Além deste grupo que criei, também me alistei no exército, na linha da frente, para poder ajudar e também fiquei como coordenador do SOSVizinho em Almeirim. Por isso, nunca tive tempo livre , tive sim a veia de ribatejano e o coração de pai e de Português que defende sempre a sua pátria, e acredito que juntos somos mais fortes e conseguimos vencer qualquer batalha.
Quais as maiores dificuldades na gestão do grupo?

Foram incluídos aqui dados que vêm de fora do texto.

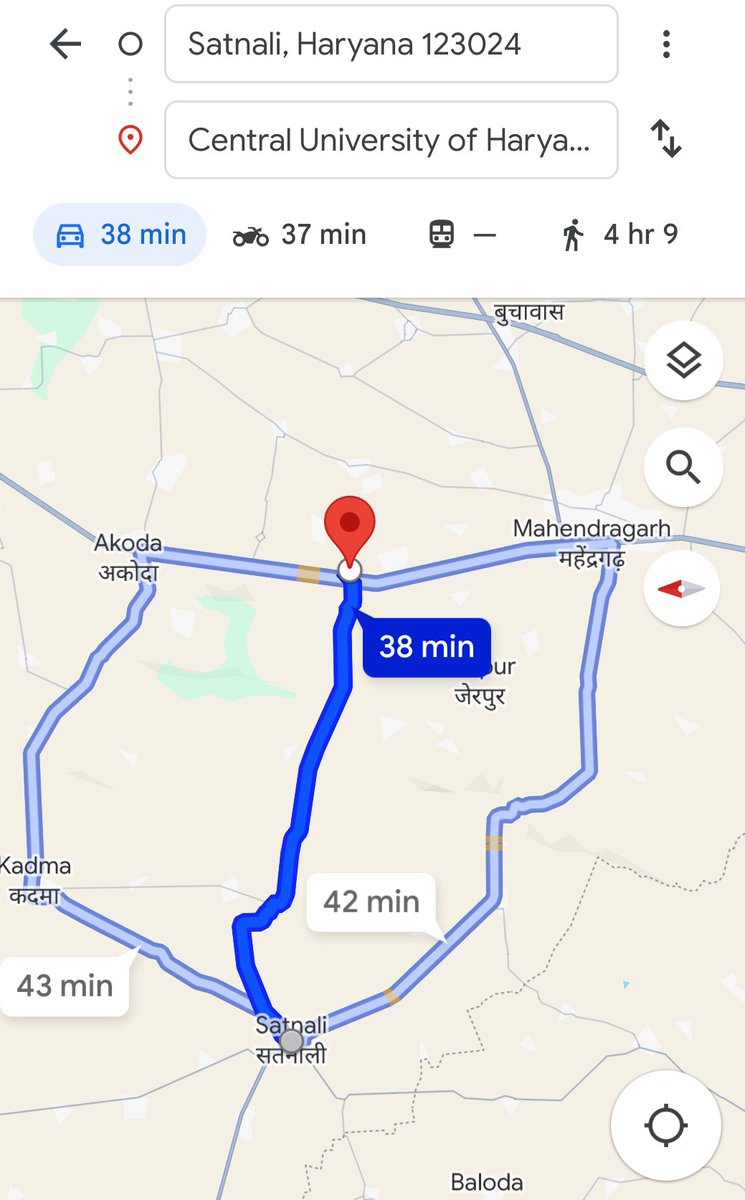 sachujangra's tweet photo. Google map @googlemaps के अनुसार यहाँ से गाड़ी के लिए रास्ता था, लेकिन असल में आगे करीब पहुंच कर कोई रास्ता नहीं था। कृपया इस गलती को सुधारें। ताकि किसी को परेशानी न हो...🙏 #WrongRoute #MapError 

Route - Satnali, Haryana to central University of Haryana (Mahendergarh) https://t.co/0azQGxKodk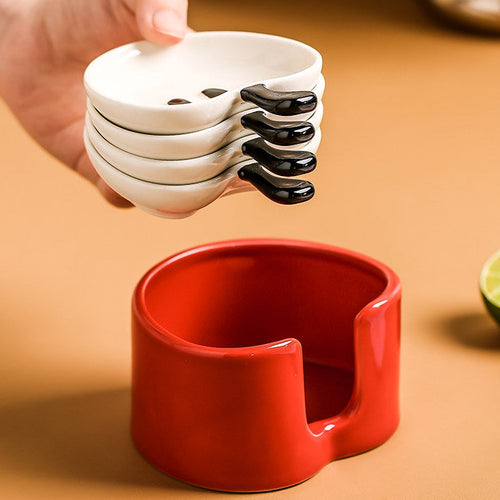 Apple Shaped Ceramic Dipping Dish & Storage Jar Set - Cute Kitchen Decor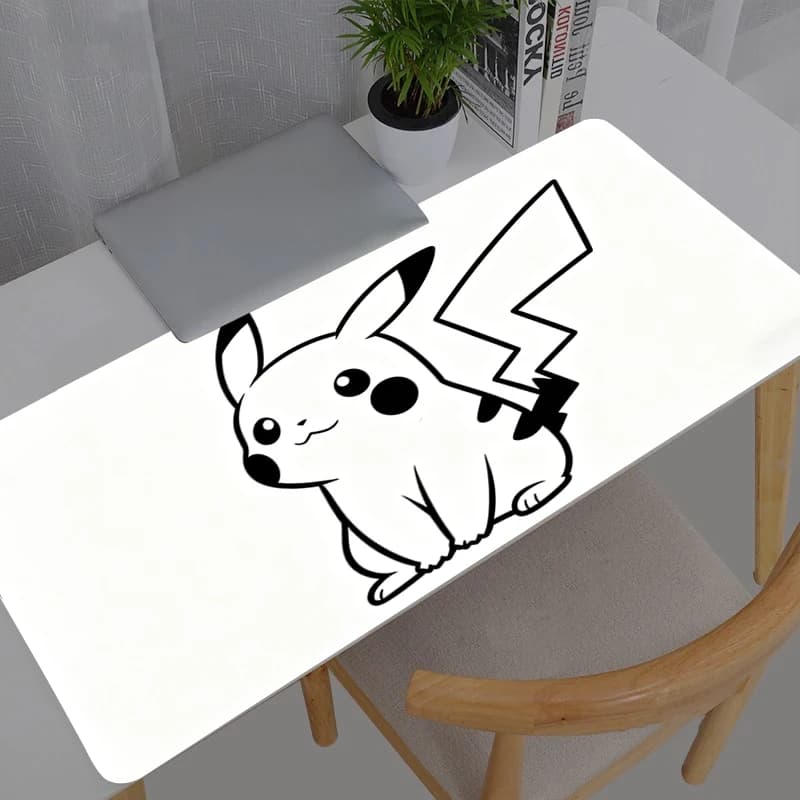 Tappetino per mouse grande in gomma per PC, accessori da gioco Pokemon Pikachu anime, tappetino da scrivania con bordo bloccabile, tappeto per gamer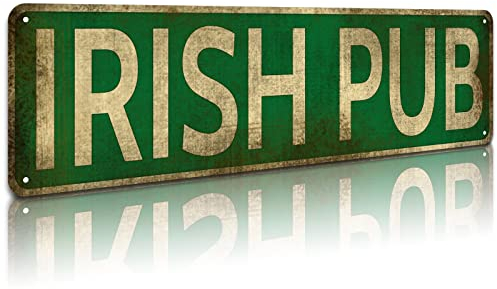 KooLL Irish Pub Blechschild, Aluminium, schlankes Blechschild, Straßenschild, lustiges Metallschild, Wanddekoration für Schlafzimmer, Zuhause, Bar, Garage, Kunstgeschenk, 10,2 x 40,6 cm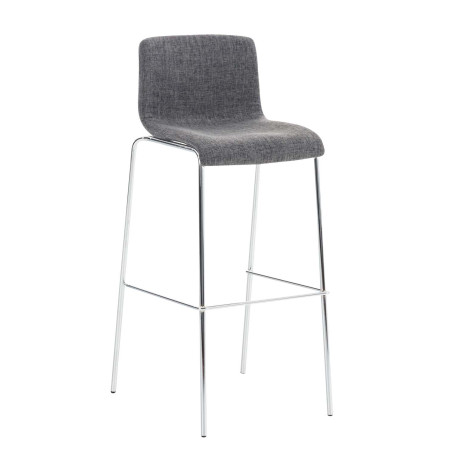Taburete Hover en Tela & Base de 4 Patas Gris claro,Cromado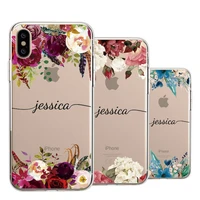 custom personalised your name tropical floral border beauty phone soft transparent case for iphone 12 max xr x 7plus 8plus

Bem, esta é uma pergunta difícil, existiram muitas dificuldades. O grupo cresceu muito rápido, em 24 h já eramos milhares, em 48 horas tinha 7000 membros ativos, coisa que eu nunca tinha visto. Tenho grupos e páginas, mas nunca com 7000 pessoas ativas a fazerem perguntas, a pedirem ajuda, a divulgarem informações e telefonarem para mim, a enviarem mensagens 24h por dia… Foi duro, mas valeu a pena. Foram muitos dias sem dormir, a tentar ajudar todos a tentar filtrar informações falsas, a tentar unir pessoas e consegui, consegui que deixasse de ser o meu grupo para passar a ser um grupo de todos, em que todos se ajudavam uns aos outros e esse foi o meu maior feito. Foi que nos tornássemos um grupo em prol de uma causa, foi muito bom, é muito bom, pois o grupo não acabou, esta guerra ainda não acabou e infelizmente acredito que volte em outubro, por isso temos de estar atentos e continuar juntos para um dia podermos festejar com saúde e todos vivos.
Era só o João a gerir?
O grupo foi minha iniciativa, mas após quatro dias tive de solicitar ajuda e tive ajudas fundamentais, mas devido à grande atividade do grupo alguns membros não puderam continuar pois os “alarmes” estavam sempre a disparar, os telefones a tocar, era duro, muito duro. Mas, com ajuda, conseguimos criar dinâmicas de grupo, criar tópicos, dividir horários e tarefas, classificar temas, foi engraçado, mas duro. Mas valeu a pena. A Isabel Figueiredo e o Sérgio Teodósio estiveram no inicio mas depois abandonaram, a minha esposa Marina Silva, o Luís Silva, o Paulo Colaço, o José Alberto Pereira, o Eduardo Tavares Lopes e o Ricardo Casebre ficaram até agora. Embora tenham saído alguns deste nomes como moderadores devido ao grupo neste momento estar tranquilo, mas estas pessoas foram fundamentais neste grupo e muitos de nós trabalhamos em prol do grupo quase 24 horas. Chegou-se a fazer ligação de familiares da região com familiares pelo mundo fora, até crónicas eram feitas e temas para descansar e tranquilizar muitas das pessoas para que o tema não fosse sempre o mesmo, mas muitos dos membros foram ajudando. Tivemos e temos advogados, médicos, políticos, atores e músicos, profissionais da banca e dos seguros, empresários de logística e da restauração que sempre ajudaram diretamente os membros que tinham problemas, dúvidas e necessidades, tivemos e temos membros que ajudavam com documentações às duas e três da manhã.